In a report by Tube 2010, discusses the growing demand for pipelines and, in particular, high strength large diameter pipes.
The report writes:
“Studies carried out by the Organisation of Oil Exporting Countries (OPEC) and the US Energy Information Administration (EIA) before the current economic crisis forecast oil and gas consumption to go up by 16% and 29%, respectively, by 2015.

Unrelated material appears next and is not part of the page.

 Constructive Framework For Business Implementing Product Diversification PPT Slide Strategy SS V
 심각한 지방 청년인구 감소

Last year the London-based steel business consultancy CRU foresaw double-digit growth rates for global pipe demand, assuming that 60% of the demand would be accounted for by large-diameter pipes measuring over 20 in. in diameter. Accordingly, the demand for line pipes was said to go up by 78% in Eastern Europe and by over 100% in the Middle East and Asia between 2007 and 2011. Altogether, CRU forecast an increase for line pipes from 14.9 million t in 2007 to 24.2 million t in 2011. In October 2008 Steel Tube News announced that demand for oil and gas pipelines would go up to 27 000 km in 2007 and to 32 000 from 2009 and that demand for welded pipes would rise from 13 million t to 15 million t over the same period. Worldwide, almost 230 000 km of pipeline were under construction or planned in Autumn 2008.
The high demand for oil and gas pipeline for the energy sector was mainly responsible for bringing global steel pipe production in 2008 up to the previous year’s record level of approx. 120 million tons. In the segment of large pipes (welded pipes over 406.4 mm diameter) production was estimated to grow by 1% to 18 million t. Future opportunities for business growth in the segment of longitudinally welded large-diameter pipes are therefore foreseen especially in regions with fast growing energy needs and those with the relevant raw materials because of the high demand for high-quality pipes in demanding dimensions.

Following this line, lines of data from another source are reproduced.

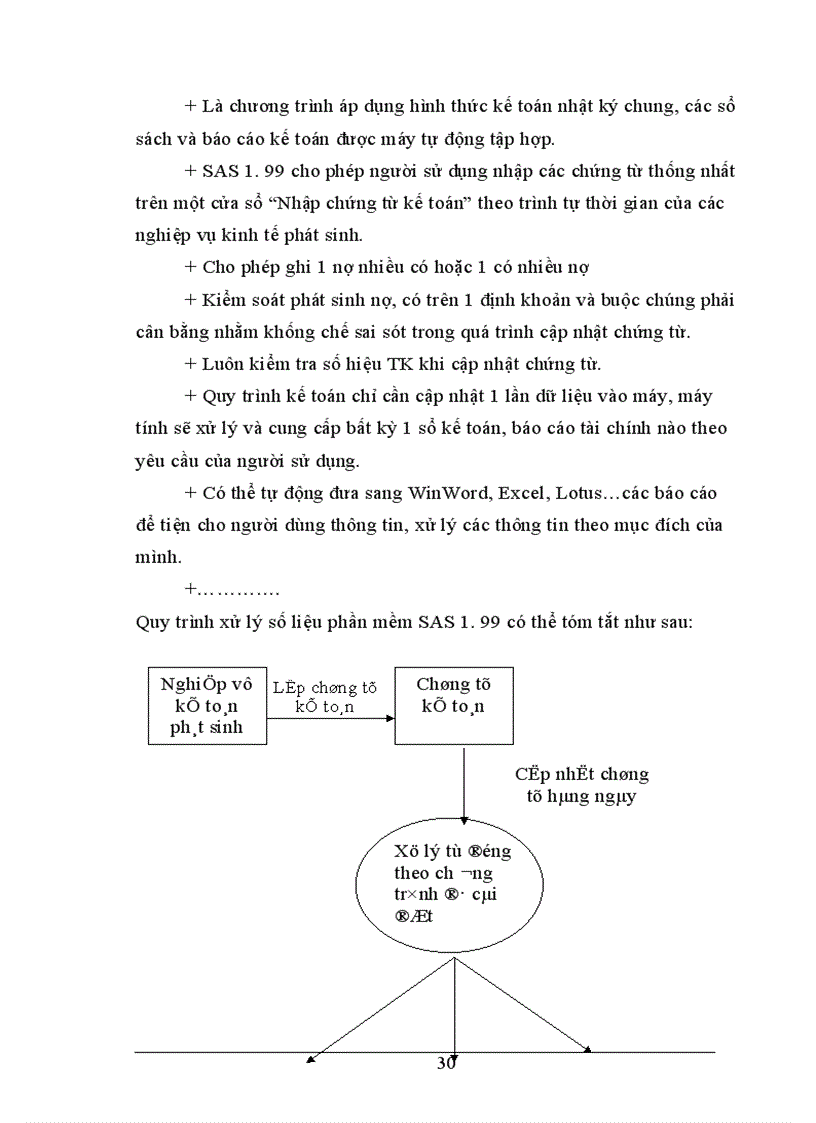 image for page Tổ chức công tác kế toán tập hợp chi phí và tính giá thành sản phẩm tại Xí nghiệp Sông Đà 12 6 1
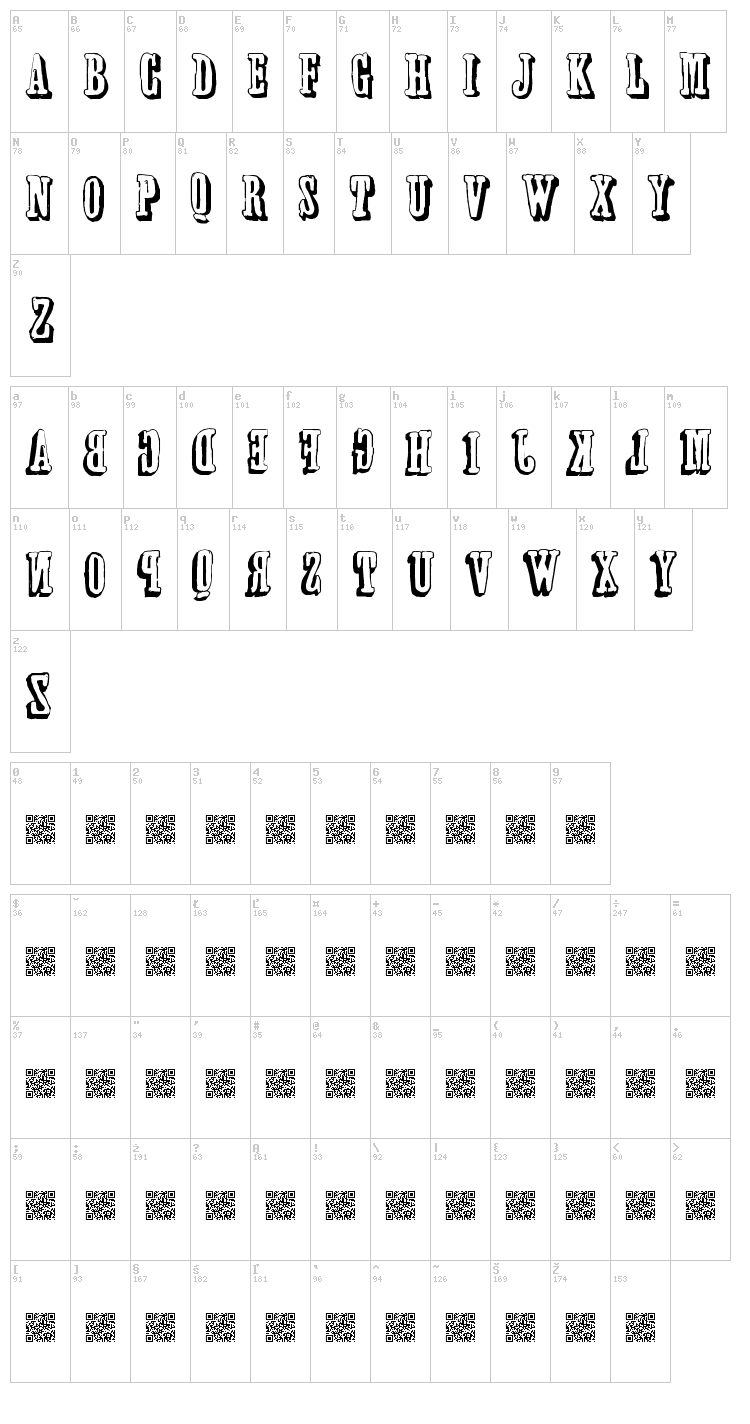 Forwards Backwards font map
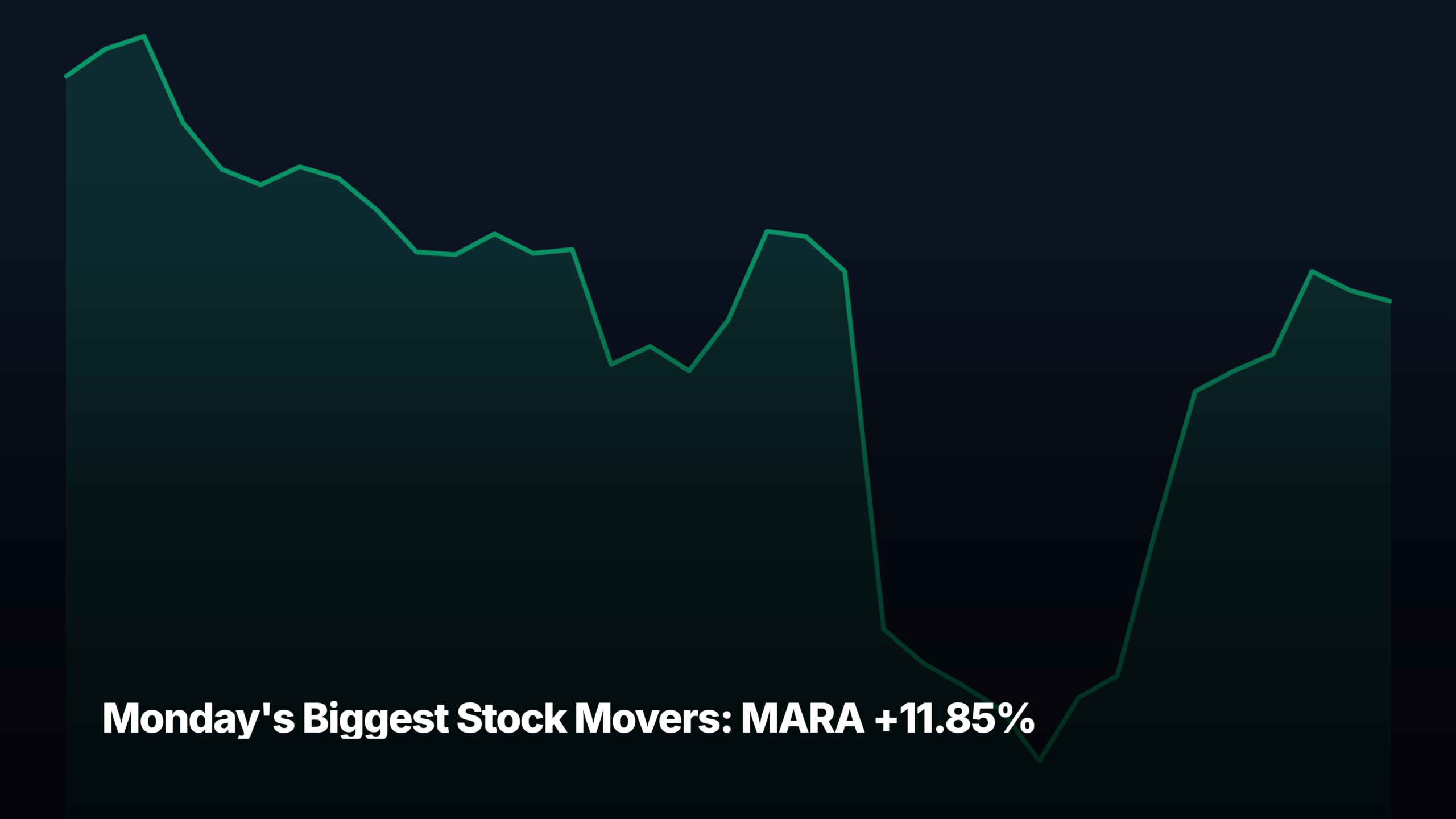 Monday's biggest stock movers by market-cap tier — MARA +11.85% led the small-cap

Due to the problematic situation in financial markets, an increasing number of projects in the line pipe sector were postponed in the first quarter of 2009, while in exploration there was no major incentive to develop new oil and gas fields because of the low oil prices. Nevertheless, the situation was largely stable for large-diameter pipes predominantly thanks to long-term projects in the energy sector that had been initiated already in 2007 and 2008. Of course, signs of a slow in demand could be seen here, too. Large pipe manufacturers posted a lower order intake than in the same period of the previous year. Furthermore, competition, especially in the segment of longitudinally welded pipes, became keener.

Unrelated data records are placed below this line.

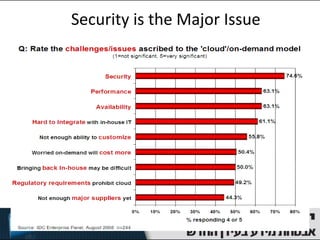 Security is the Major Issue




13
 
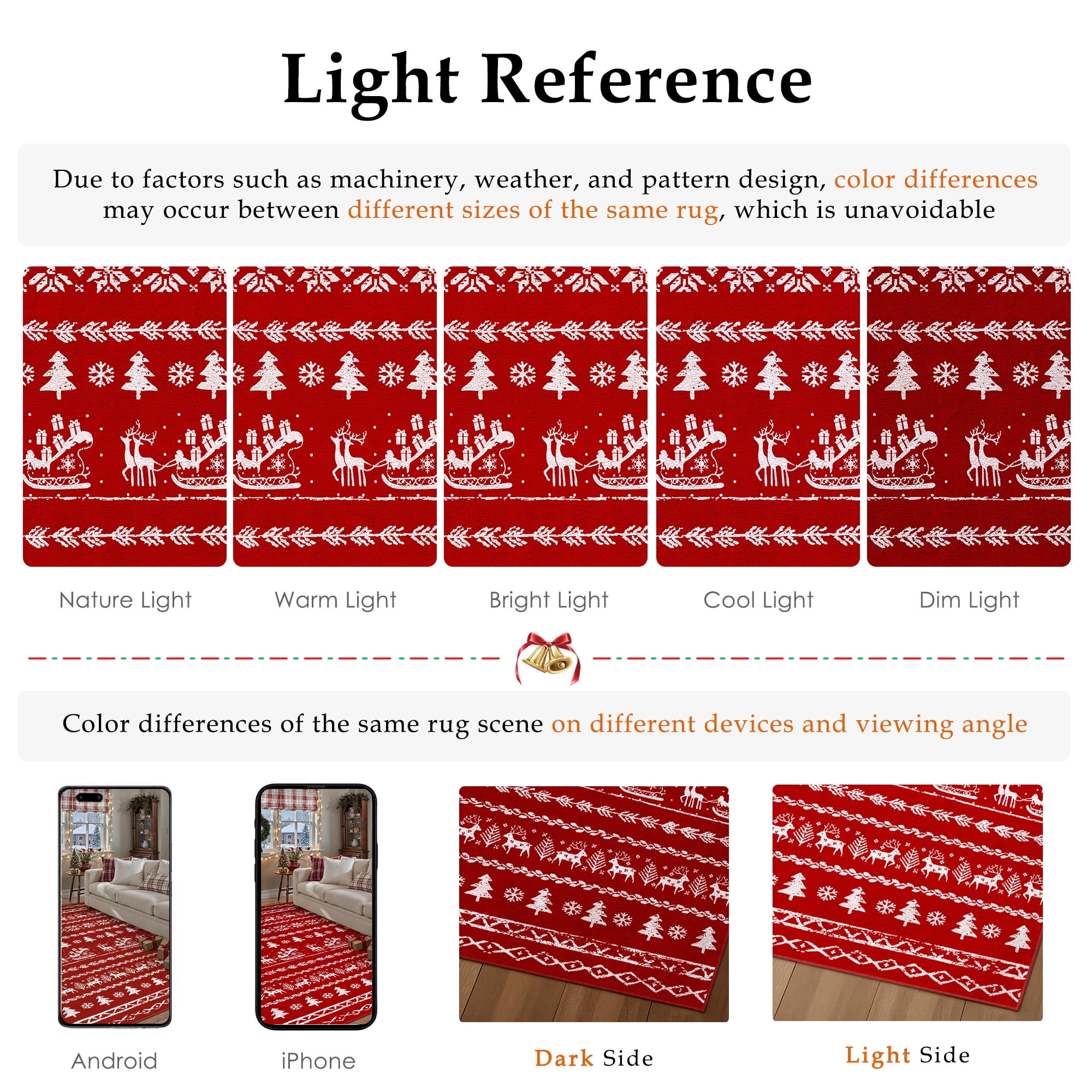 BERTHMEER 2'X3' Christmas Area Rug Christmas Rugs for Indoor Entryway Entrance Kitchen Soft Machine Washable Non-slip Rug,Red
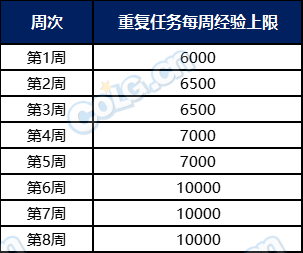 DNF阿拉德化妆舞会通行证满级介绍图1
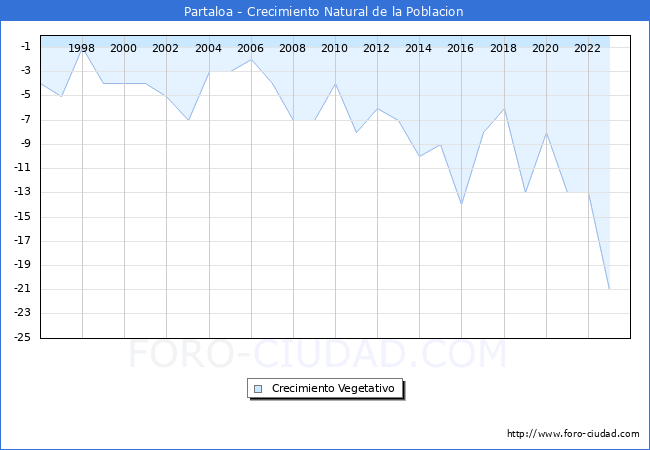 Crecimiento Vegetativo del municipio de Partaloa desde 1996 hasta el 2023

Due to some still very well filled order books the large pipe segment should be in relatively good shape for 2009. But delays in contract awarding must be expected because of noticeably lower oil and gas prices as well as possible financial bottlenecks. This statement equally applies to the segment of seamless pipes and welded steel pipes made of hot wide strip (carbon and stainless steel) provided they are used in the oil and gas sectors or in power plant construction.
As a result of the anticipated continued rise in global energy needs steel pipes for the energy sector can also be expected to meet with stable demand in 2010 – although this segment will most probably also be affected by the downward price spiral of the market as a whole. It is currently very hard to say how funding will develop for projects whose realisation is not a strategic necessity.”